Legends, text labels, Latex


In [ ]:
x=np.arange(10)+1.
y1=x**2
y2=np.sqrt(x)

fig, ax = plt.subplots()
ax.set_yscale('log')
# The `label` keyword below is used to specify the label for the particular data set
ax.plot(x,y1,color='blue',mec='orange',mew=2,marker='*',ms=20,ls='None',label='$y=x^2$')
ax.plot(x,y2,color='red',marker='s',ms=15,ls='None',label='$y=\sqrt{x}$')
ax.text(6,10,'$y=x^{n}$',fontsize=24)
ax.legend(loc='upper left',fontsize=16,numpoints=1)

Other useful types of figures:

  • Error bars: We're scientists! Almost every data point you put on a figure should have an error bar.
  • Histograms: useful for looking at distribution of values for a particular variable
  • Images: e.g., cutouts of stars, galaxies, nebulae, etc.
  • Many others that we don't have time to cover here!

Error bars:


In [ ]:
# first, generate some fake data
x=np.arange(10)+1.
y=x**2

xerr=np.zeros(10)+0.5 # fixed error in x
yerr=np.sqrt(y) # Poisson error in y

plt.errorbar(x,y,xerr=xerr,yerr=yerr,marker='o',ls='None')

Histogram of Gaussians:


In [ ]:
import numpy.random as npr

x1=npr.randn(10000)        # mean=0, std=1.0
x2=npr.randn(10000)*0.5+1. # mean=1, std=0.5

bins=np.linspace(-5.,5.,21)

info1 = plt.hist(x1,bins=bins, color='red',lw=1, histtype='step')
info2 = plt.hist(x2,bins=bins, color='blue',lw=1, histtype='step')

Display an image from a FITS file. First download this file: im3433.fits


In [ ]:
# Display an image from a FITS file

from astropy.io import fits

im3433=fits.open('data/im3433.fits')
im=im3433[0].data # the first extension (i.e., index 0), contains the image data

fig, ax = plt.subplots(figsize=(10,10))
ax.imshow(im,interpolation='none',origin='lower',cmap='gray')
ax.get_xaxis().set_visible(False) # comment these two lines to see what happens
ax.get_yaxis().set_visible(False)

Doing some math on images

Here's another example using some supernova data, which will have been downloaded as part of our github package.

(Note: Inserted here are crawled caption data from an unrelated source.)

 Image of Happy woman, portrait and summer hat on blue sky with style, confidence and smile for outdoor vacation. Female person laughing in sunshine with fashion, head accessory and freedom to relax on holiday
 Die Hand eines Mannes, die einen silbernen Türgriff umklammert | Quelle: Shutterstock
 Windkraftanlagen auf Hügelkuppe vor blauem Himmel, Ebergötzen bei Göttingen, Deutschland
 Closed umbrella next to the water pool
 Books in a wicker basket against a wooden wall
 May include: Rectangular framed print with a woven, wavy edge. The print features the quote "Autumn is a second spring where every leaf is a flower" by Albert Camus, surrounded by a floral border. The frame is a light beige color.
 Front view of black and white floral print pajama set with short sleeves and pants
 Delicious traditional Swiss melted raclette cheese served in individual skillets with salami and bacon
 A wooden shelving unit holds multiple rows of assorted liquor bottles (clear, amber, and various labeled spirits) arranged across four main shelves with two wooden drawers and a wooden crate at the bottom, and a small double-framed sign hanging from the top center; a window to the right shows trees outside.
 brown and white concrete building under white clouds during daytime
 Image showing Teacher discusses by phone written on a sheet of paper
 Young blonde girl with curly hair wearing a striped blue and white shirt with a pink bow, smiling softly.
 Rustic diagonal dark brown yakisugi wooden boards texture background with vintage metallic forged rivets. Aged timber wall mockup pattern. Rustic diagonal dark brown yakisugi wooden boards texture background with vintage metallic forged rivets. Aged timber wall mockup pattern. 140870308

We will plot these two images side-by-side. We specify vmin=-40 and vmax=40 in the imshow() function, which will set appropriate limits on the color map (there are saturated pixels that will cause the image to be washed out otherwise). We also choose the reverse color map (gray_r). Question: where's the supernova?


In [ ]:
im1 = fits.open('data/SN2011iv_B_SWO_DC_2011_12_11SN.fits')
im2 = fits.open('data/SN2011iv_B_template.fits')
fig,ax = plt.subplots(1,2, figsize=(15,8))
ax[0].imshow(im1[0].data, vmin=-40,vmax=40, cmap='gray_r')
ax[1].imshow(im2[0].data, vmin=-40, vmax=40, cmap='gray_r')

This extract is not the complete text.